I familiari delle vittime di Casale, come hanno sempre fatto durante tutte le fasi del processo, ci saranno anche questa volta. Mercoledì mattina, dalle 8.30, si raduneranno sotto le finestre della Corte di Cassazione insieme a rappresentanze si sindacati, istituzioni e associazioni di familiari provenienti da Francia, Spagna, Svizzera, Belgio, Gran Bretagna, Brasile, Stati Uniti, Argentina. È prevista anche la presenza di Luciano Lima Leivas, magistrato brasiliano del pool della procura federale del lavoro, in visita in Italia per incontrare il procuratore Guariniello. A prescindere dal verdetto, Romana Blasotti Pavesi, che suo malgrado è diventata il simbolo di questa vicenda (ha perso marito, figlia, nipote, sorella e cugina a causa del mesotelioma pleurico, provocato dall’esposizione all’amianto) lancia un appello all’imputato: «Prima di morire vorrei incontrare Stephan Schimdheiny. Tanto non mordo – ironizza l’ottantacinquenne insignita una settimana fa del titolo di commendatore – vorrei solo potergli dire alcune cose. Per favore, fategli sapere che vorrei davvero incontrarlo».
La strage silenziosa
A Casale Monferrato lo stabilimento della multinazionale del cemento amianto ha chiuso alla fine del 1986. Grazie alla spallata dell’allora sindaco democristiano, Riccardo Coppo, che con un’ordinanza coraggiosa ha vietato l’uso di amianto nel territorio comunale. Fu quella, di fatto, la prima “legge” anti-amianto d’Europa. Il Parlamento Italiano ha varato quella tutt’ora vigente soltanto nel 1992 e altri Paesi sono arrivati ancora dopo, a seconda della forza di resistenza della potente lobby dell’asbesto. Ma i danni provocati dalla diffusione massiccia di polveri di amianto continuano a farsi sentire. Ancora oggi, a Casale, su una popolazione che oscilla attorno ai 35 mila abitanti, si registrano ogni anno una cinquantina di nuovi casi di mesotelioma pleurico, una forma di tumore contro la quale finora la medicina si trova quasi disarmata. Nel fascicolo processale che è all’esame della Cassazione figurano oltre 2 mila parti civili, ma il numero dei morti per «malattie asbesto-correlate», come si dice tecnicamente, è incalcolabile: quasi 3 mila, quelle ricostruite dalle indagini torinesi, ma la strage – nel tempo – ha assunto dimensioni spaventose.

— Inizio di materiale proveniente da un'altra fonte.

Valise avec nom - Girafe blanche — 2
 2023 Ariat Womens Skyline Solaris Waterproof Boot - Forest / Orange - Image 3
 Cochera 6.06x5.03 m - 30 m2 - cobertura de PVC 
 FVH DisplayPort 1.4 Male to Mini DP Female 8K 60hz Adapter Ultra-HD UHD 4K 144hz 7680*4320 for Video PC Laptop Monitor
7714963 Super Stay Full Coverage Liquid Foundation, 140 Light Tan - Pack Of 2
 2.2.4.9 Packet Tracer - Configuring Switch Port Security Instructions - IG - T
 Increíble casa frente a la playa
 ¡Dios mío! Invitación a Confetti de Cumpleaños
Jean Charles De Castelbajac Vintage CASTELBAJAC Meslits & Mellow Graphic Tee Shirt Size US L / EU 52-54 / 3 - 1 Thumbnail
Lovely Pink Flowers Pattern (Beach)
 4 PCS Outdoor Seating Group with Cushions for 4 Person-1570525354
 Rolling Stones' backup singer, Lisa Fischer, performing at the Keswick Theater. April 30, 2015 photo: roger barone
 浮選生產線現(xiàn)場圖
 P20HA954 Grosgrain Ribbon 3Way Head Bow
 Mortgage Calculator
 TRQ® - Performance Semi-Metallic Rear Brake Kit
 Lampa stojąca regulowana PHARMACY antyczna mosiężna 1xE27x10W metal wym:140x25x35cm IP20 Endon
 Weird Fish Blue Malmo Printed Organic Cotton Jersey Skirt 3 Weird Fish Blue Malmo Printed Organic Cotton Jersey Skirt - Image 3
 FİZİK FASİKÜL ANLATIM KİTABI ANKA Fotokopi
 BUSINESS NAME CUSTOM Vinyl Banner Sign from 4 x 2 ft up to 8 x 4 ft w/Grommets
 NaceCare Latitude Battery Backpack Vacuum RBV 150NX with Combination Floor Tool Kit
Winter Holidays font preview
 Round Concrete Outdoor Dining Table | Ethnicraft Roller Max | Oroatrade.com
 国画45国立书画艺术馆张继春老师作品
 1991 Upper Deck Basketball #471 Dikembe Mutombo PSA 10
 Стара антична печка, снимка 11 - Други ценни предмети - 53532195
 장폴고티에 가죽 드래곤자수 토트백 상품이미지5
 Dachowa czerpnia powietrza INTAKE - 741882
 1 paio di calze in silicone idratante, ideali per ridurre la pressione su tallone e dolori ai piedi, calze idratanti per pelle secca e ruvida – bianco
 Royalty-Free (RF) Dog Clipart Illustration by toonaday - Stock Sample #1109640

La bacheca di fronte alla fabbrica
Lo stabilimento Eternit di Casale fu inaugurato nel 1907. Da allora, per ottant’anni, i casalesi hanno imparato a familiarizzare con quella polvere leggerissima, che trovavano dappertutto e che – grazie agli «omaggi» dei materiali di scarto da parte dell’azienda – è entrata anche nelle case e negli usi quotidiani. Sottotetti, cortili, campi di bocce, oratori… dappertutto c’era l’amianto. A un certo punto, in un’ansa del Po a valle degli scarichi dell’Eternit, si era formata una spiaggia artificiale. La chiamavano «la spiaggetta», ci andavano a prendere il sole o a pescare. Intanto, sulla bacheca di fronte allo stabilimento si accumulavano i manifesti funebri degli operai e, nei reparti, si moltiplicavano le collette per le corone di fiori. Ma furono necessari molti anni e molte battaglie prima di avviare la campagna che ha portato prima alla chiusura della fabbrica e poi all’atto d’accusa contro i proprietari. I sindacati erano lacerati anche al loro interno, divisi tra necessità di tutelare il lavoro e urgenza di proteggere la salute (e la vita) degli operai.
Ma nel frattempo di mesotelioma pleurico moriva anche qualche dirigente e impiegati dell’Eternit, la panettiera di fronte alla fabbrica, il vigile urbano, il bancario… L’ultima vittima, per ora, è una giovane di 28 anni, alla quale il micidiale tumore alla pleura è stato diagnosticato la settimana scorsa.